Re: [HACKERS] A design for amcheck heapam verification - Mailing list pgsql-hackers

From Andres Freund
Subject Re: [HACKERS] A design for amcheck heapam verification
Date
Msg-id 20180330011834.4hnr7bhvid26zgpt@alap3.anarazel.de
Whole thread Raw
In response to Re: [HACKERS] A design for amcheck heapam verification  (Peter Geoghegan <pg@bowt.ie>)
Responses Re: [HACKERS] A design for amcheck heapam verification  (Peter Geoghegan <pg@bowt.ie>)
List pgsql-hackers
Hi,

On 2018-03-26 20:20:57 -0700, Peter Geoghegan wrote:
> From ede1ba731dc818172a94adbb6331323c1f2b1170 Mon Sep 17 00:00:00 2001
> From: Peter Geoghegan <pg@bowt.ie>
> Date: Thu, 24 Aug 2017 20:58:21 -0700
> Subject: [PATCH v7 1/2] Add Bloom filter data structure implementation.
> 
> A Bloom filter is a space-efficient, probabilistic data structure that
> can be used to test set membership.  Callers will sometimes incur false
> positives, but never false negatives.  The rate of false positives is a
> function of the total number of elements and the amount of memory
> available for the Bloom filter.
> 
> Two classic applications of Bloom filters are cache filtering, and data
> synchronization testing.  Any user of Bloom filters must accept the
> possibility of false positives as a cost worth paying for the benefit in
> space efficiency.
> 
> This commit adds a test harness extension module, test_bloomfilter.  It
> can be used to get a sense of how the Bloom filter implementation
> performs under varying conditions.

Maybe add a short paragraph explaining what this'll be used for soon.

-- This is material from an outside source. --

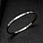 Fast delivery Wholesale Fashion Jewelry 3 Colors Roman Numeral Crystal Stainless Steel Ladies Silver Bracelets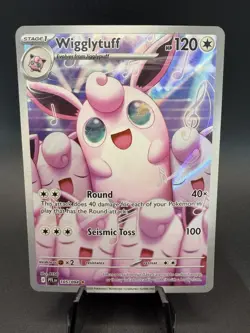 2025 Pokemon Phantasmal Flames Wigglytuff 105/094 Illustration Rare Holo NM - Image 1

> @@ -12,7 +12,7 @@ subdir = src/backend/lib
>  top_builddir = ../../..
>  include $(top_builddir)/src/Makefile.global
>  
> -OBJS = binaryheap.o bipartite_match.o dshash.o hyperloglog.o ilist.o \
> -       knapsack.o pairingheap.o rbtree.o stringinfo.o
> +OBJS = binaryheap.o bipartite_match.o bloomfilter.o dshash.o hyperloglog.o \
> +       ilist.o knapsack.o pairingheap.o rbtree.o stringinfo.o

*NOT* for this patch: I really wonder whether we should move towards a
style where there's only ever a single object per-line. Would make
things like this easier to view and conflicts easier to resolve.


> --- /dev/null
> +++ b/src/backend/lib/bloomfilter.c
> @@ -0,0 +1,304 @@
> +/*-------------------------------------------------------------------------
> + *
> + * bloomfilter.c
> + *        Space-efficient set membership testing
> + *
> + * A Bloom filter is a probabilistic data structure that is used to test an
> + * element's membership of a set.

s/of/in/?


> False positives are possible, but false
> + * negatives are not; a test of membership of the set returns either "possibly
> + * in set" or "definitely not in set".  This can be very space efficient when
> + * individual elements are larger than a few bytes, because elements are hashed
> + * in order to set bits in the Bloom filter bitset.

The second half of this paragraph isn't easy to understand.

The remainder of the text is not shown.